Wairoa community leaders say they've come up with a temporary solution to help solve its lack of driver licence testing.
The isolated Hawke's Bay district does not have restricted or full driver licence tests, and this is impacting the lives of rangatahi in particular.
Getting caught by police with no licence would give youth their first "brush with the law".
But police and community agencies say they are working together to give rangatahi another chance.
In the last couple of months, Wairoa Police has been working with Wairoa Young Achievers Trust to make it easier for people to get a licence.
"We are stopping drivers and checking that they've got driver licences, those that don't will be given an infringement notice, but the flipside of that infringement notice is that we actually refer the individuals to the organisations like Wairoa Young Achievers Trust," Senior Sergeant Maui Aben of the Wairoa Police said.
Officers referred people using a police app called AWHI, and the fine would be wiped if they got their licence.
The app gives police the ability to make on the spot referrals to social services for people in need.

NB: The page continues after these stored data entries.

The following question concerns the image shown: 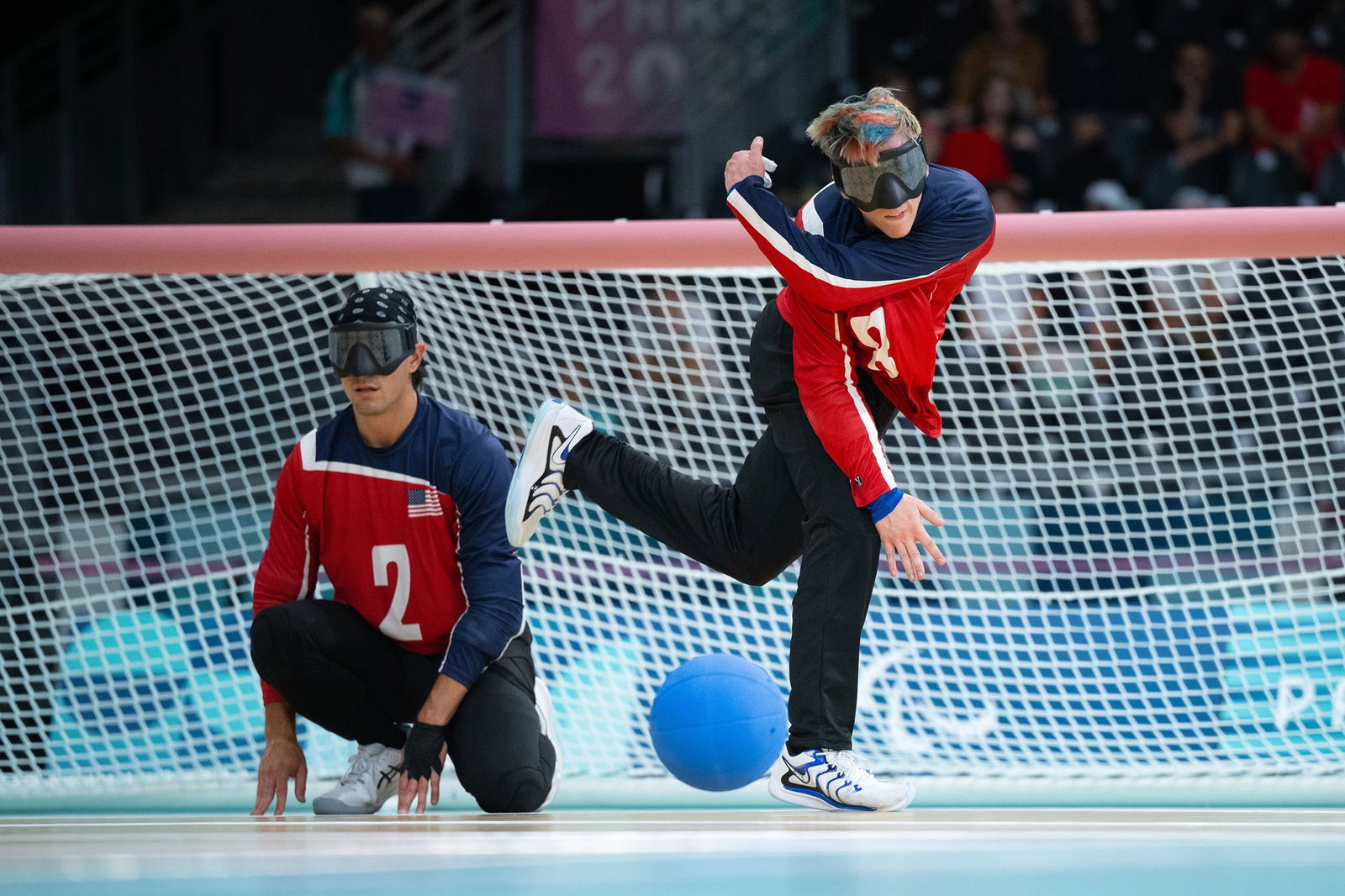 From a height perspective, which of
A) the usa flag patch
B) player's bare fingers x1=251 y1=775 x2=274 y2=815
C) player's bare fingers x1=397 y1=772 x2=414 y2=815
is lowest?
player's bare fingers x1=251 y1=775 x2=274 y2=815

"It's a great incentive, I'd rather spend money on a driver's licence than having to pay and infringement fee," Aben said.
"Having a driver's licence enables people to get employment, to move around and affords a level of freedom."
Wairoa Young Achievers Trust youth services manager Denise Eaglesome-Karekare said they had so far received four referrals from the system.
"It is a positive step forward, it's positive for the rangatahi, it's positive for the police and you know what, I honestly do believe the police aren't trying to book 'em up and charge them and whatever - they want to actually help, and so we're more willing to support in that area because we can."
She said her staff would help those who needed it get to Napier or Gisborne to get a test.
She it was still a barrier to have no licence testing.
"But we've worked with it, because we've got no other choice - it is what it is."
A Waka Kotahi spokesperson said representatives met with Wairoa mayor Craig Little and its deputy mayor Hine Flood last year, to discuss the town's lack of driver testing.
"This conversation focussed on solutions to using Wairoa roads to support driver training so that when candidates travelled outside the region (e.g. Napier) to do their driving test they were prepared for what the restricted licence test expects.
"The conversation also focussed on what types of changes to the road network design could be made by Council, such as right-turn intersections and roundabouts to enable a better driver training experience. Throughout the last 12 months Waka Kotahi has continued to engage with the Wairoa community at large and Deputy Mayor Hine Flood further on this issue.
"Wairoa still does not offer the necessary variety of road situations required by the restricted test, so Waka Kotahi has not given further consideration to practical testing in Wairoa at this time."